Practice 4: Ability to move fluidly between being a "transactional" and a "transformational leader."

Author James McGregor Burns once wrote that, "Transformational leaders look for the personal motives in followers, seek to satisfy higher needs, and engage the full person of the follower." Yet, most management decisions require only transactional thinking because the goal is purely to optimize existing resources. A great leader is able to move fluidly between addressing the foundational needs that people have, but also helping them see beyond the short-term so that they can be motivated by a compelling vision that helps them transcend their momentary challenges. How much of your time is stuck in the trenches as a transactional leader versus focusing on how to create transformation?

Practice 5: Calibrate the balance between "Conscious" and "Capitalism."
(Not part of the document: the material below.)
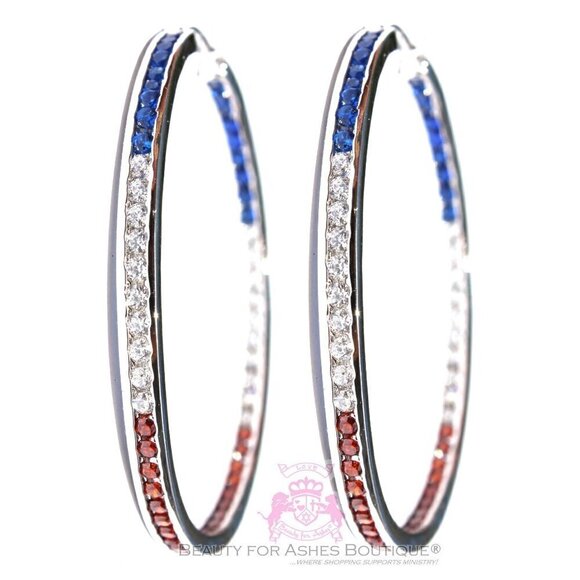 USA American Flag Independence Day 4th of July Patriotic Blue Red White Cz Hoops - Picture 2 of 4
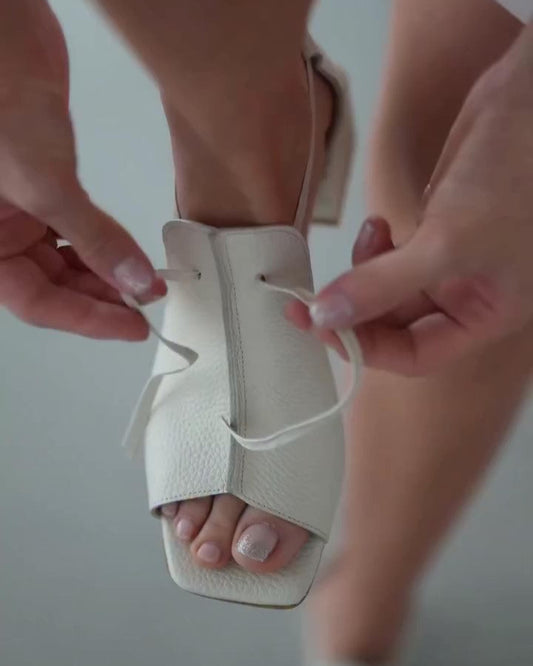 Square Toe Leather Strappy Sandals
Business has quite often been seen as a "zero-sum" game. One person's win is another person's loss. Taken to the global level, some believe that capitalism's short-term gains are often to the long-term detriment of the environment and to certain communities. And, at this crossroads, in an increasingly transparent world, this is why great leaders have to think more broadly about the impact of their decisions, not just on the bottom line, but on their broader stakeholders. In many ways, Walmart took this step when they saw their stock price flat line even with sizable revenue and net income growth. Yet, for those socially conscious business leaders, cash flow is the blood that keeps your organization alive. Make sure the basic survival needs of your company are met. How do you balance the priorities of the broader community versus the financial needs of your company?

Practice 6: Focus on your customers' highest needs.
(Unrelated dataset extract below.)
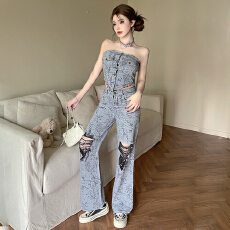 批发实拍美式复古辣妹时髦牛仔印花抹胸上衣设计破洞高腰阔腿裤<b class='q'>两件</b>套
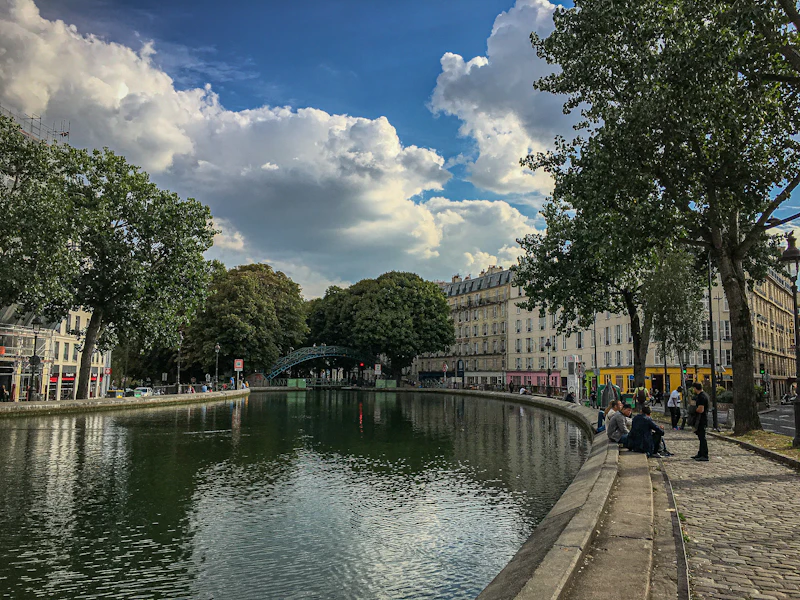 People walking along the Canal Saint-Martin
Henry Ford once suggested, "If I asked my customers what they wanted, they would have said a faster horse." PEAK leaders and companies understand what the customer wants even before the customer has articulated it and they realize that customer innovation requires a certain amount of mind reading and cultural anthropology. By doing this well (with Apple being the best example in the world), you create a movement and evangelists and reduce your need to spend money on traditional marketing. Are your customer satisfaction surveys just asking the obvious questions that will track their expectations and desires, but not their unrecognized needs? How can you "mind read" your customers?

Practice 7: Lead to PEAK.

Just as a Sherpa does in the Himalayas, great leaders meet their people where they are on the pyramid and help them to see the natural path to the peak. They recognize the value of loyalty and mentoring as a means of sustainable success in business. PEAK leaders champion personal development in tandem with corporate development knowing that there's a synergistic effect of having a self-actualized individual in the workplace as evidenced at companies like Google. And, most importantly, they embody authentic leadership by being, not just by doing. How are you incubating a collection of great leaders?

Conscious people pay attention. It's true of spiritual leaders. It's true of business leaders. PEAK leaders pay attention to the higher needs while not neglecting the base needs that provide a foundation for their organization. Leadership is all about making conscious choices and knowing that the higher you are in a company, the more magnified your decisions and behavior will be throughout the organization.